I'd say that $V_\omega$ is the simplest. If you want something slightly less on the nose, $\mathcal P^\omega(\Bbb N)$.

Both can be easily described to students without fussing all that much about ordinals.

Answer 3

Since by Noah Schweber's answer, the recursion theorem can't really be avoided, I give an explicit definition which I hope is simplest, in the sense that it doesn't require notions such as well-order or ordinal, and doesn't use the full recursion theorem, but essentially follows it's proof in a very specific case. So it can be given after one learns the axioms and what are functions.
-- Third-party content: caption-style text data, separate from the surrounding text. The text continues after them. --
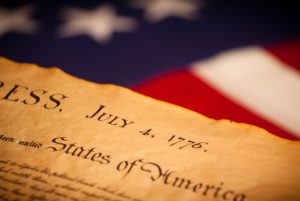 Declaration of Independence on flag background. United States Declaration of Independence on a Betsy Ross flag background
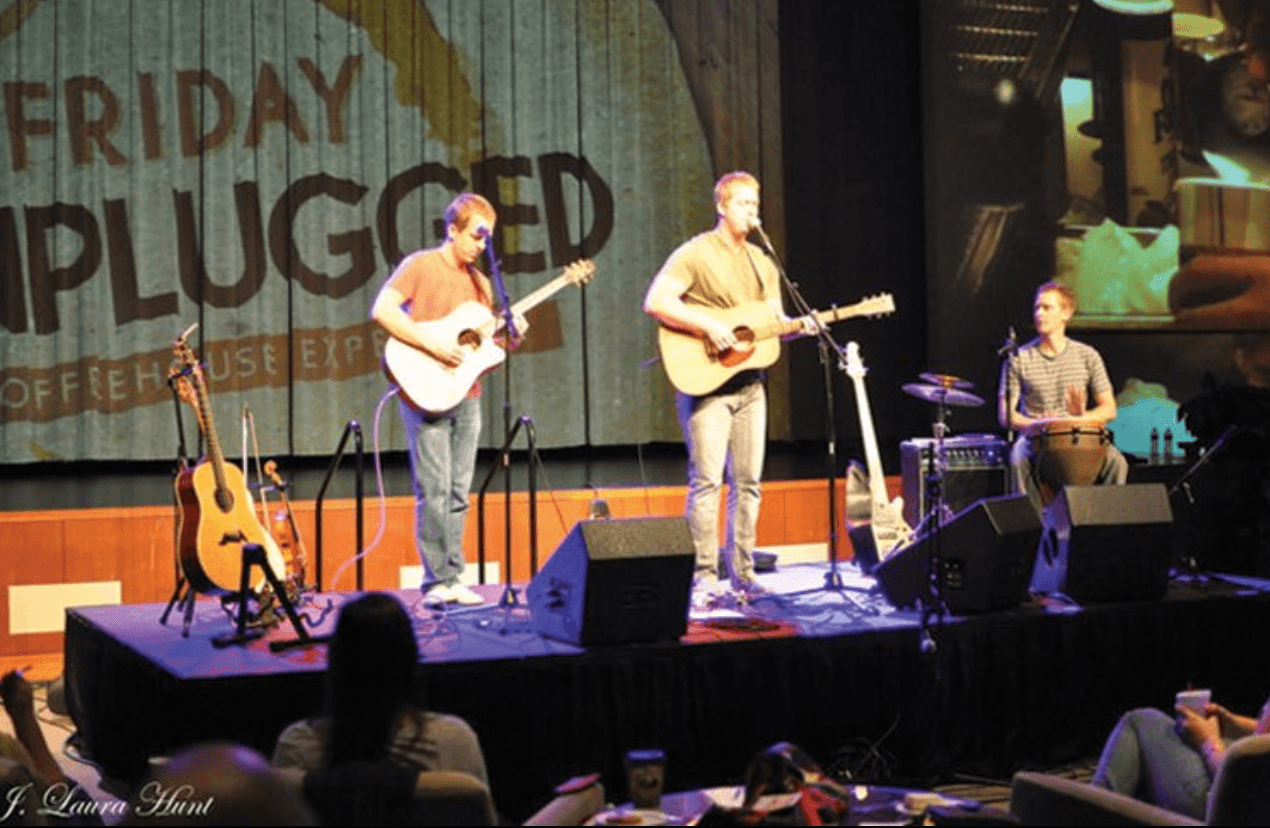 Scott and his two brothers performing in their band Cliftones, circa 2010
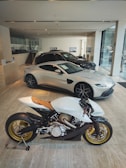 A modern showroom featuring an elegant white motorcycle with golden wheels prominently displayed in the foreground. Behind the motorcycle, several luxury cars, including a sleek silver coupe, are showcased under bright lighting. The showroom has a minimalist design with glass walls and neutral-toned flooring.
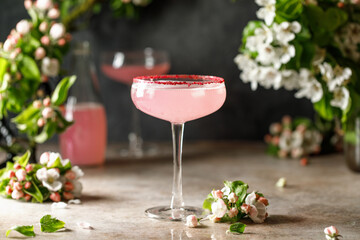 Spring and summer refreshing pink cocktail with apple blossom on light background. Pink summer cocktail - Powered by Adobe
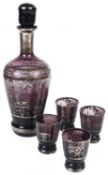 A Bohemian purple and silvered glass liqueur decanter with four matching shot glasses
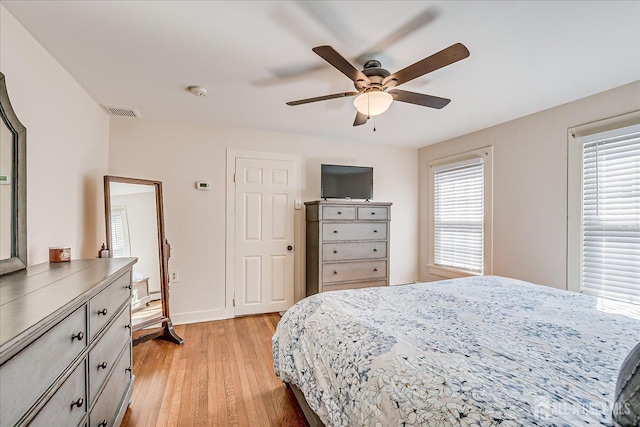 bedroom with visible vents, baseboards, ceiling fan, and light wood finished floors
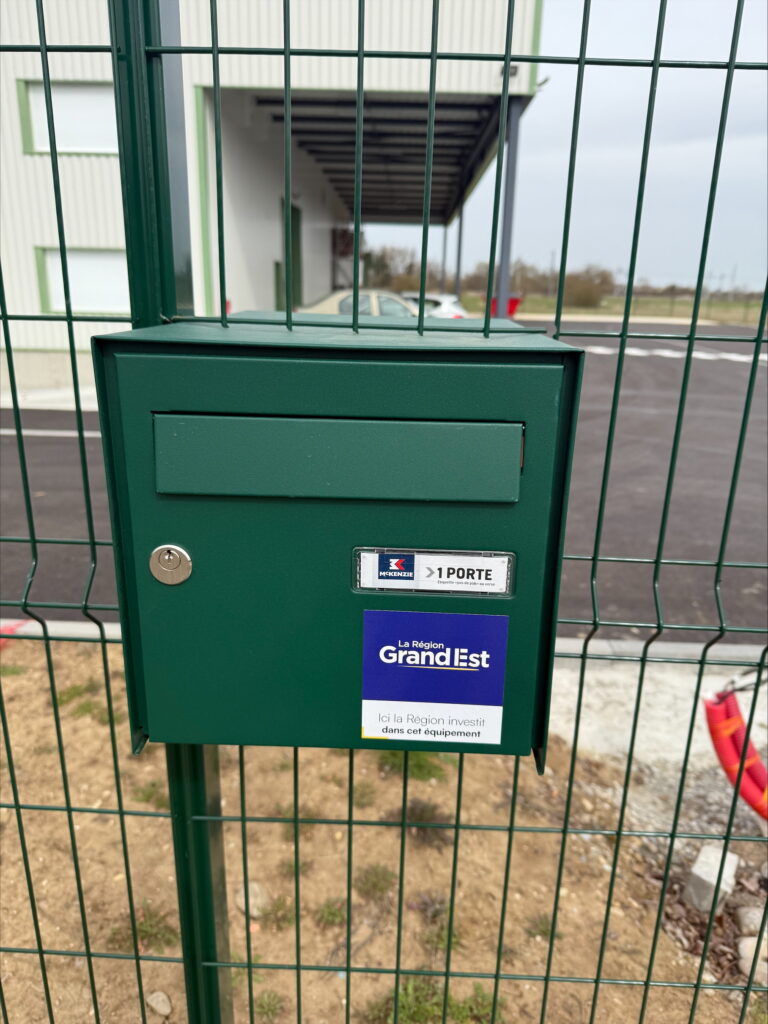 Green letterbox fixed to a fence, bearing a Région Grand Est sticker in front of the Atelier-Relais building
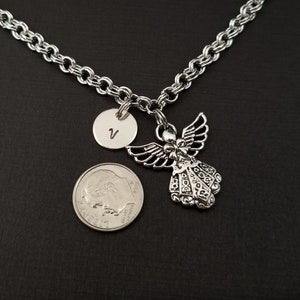 Peut inclure: Un collier en cha&icirc;ne argent&eacute;e avec un pendentif ange en argent et un pendentif rond en argent grav&eacute; de la lettre "V". Le collier est pr&eacute;sent&eacute; sur une surface noire.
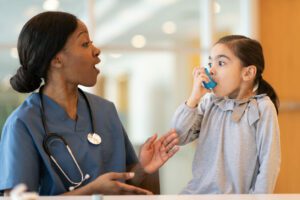 allergy doctor assists child asthmatic patien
This also incorporates Asaf Karagila's answer.

Given some function $G:A\to A$ and $a\in A$ (e.g. $G(x)=\{x\}$ or $G(x)=\mathcal{P}(x)$) define $\varphi(x,y)$ to be the formula: $$x\in\mathbb{N}\land\exists f \Big[f\,\mathrm{is\,a\,function\,}\land Dom\left(f\right)=\left\{ n\in\mathbb{N}\mid n\leq x\right\} \land y=f\left(x\right)\land \\ \land f\left(0\right)=a\land\forall z\in\mathbb{N}\left(z<x\to f\left(z+1\right)=G( f\left(z\right)\ \right)\Big] $$ Then one has to prove that for every $n\in\mathbb{N}$ there is a unique such $f$, so that $F=\{<x,y>\mid \varphi(x,y)\}$ is a well-defined function satisfying $F(n)=G^n(a)$, so applying replacement gives the set $ \{G^n(a)\mid n\in \mathbb{N}\} $, which may e.g. be $\{\varnothing,\{\varnothing\},\{\{\varnothing\}\}...\}$.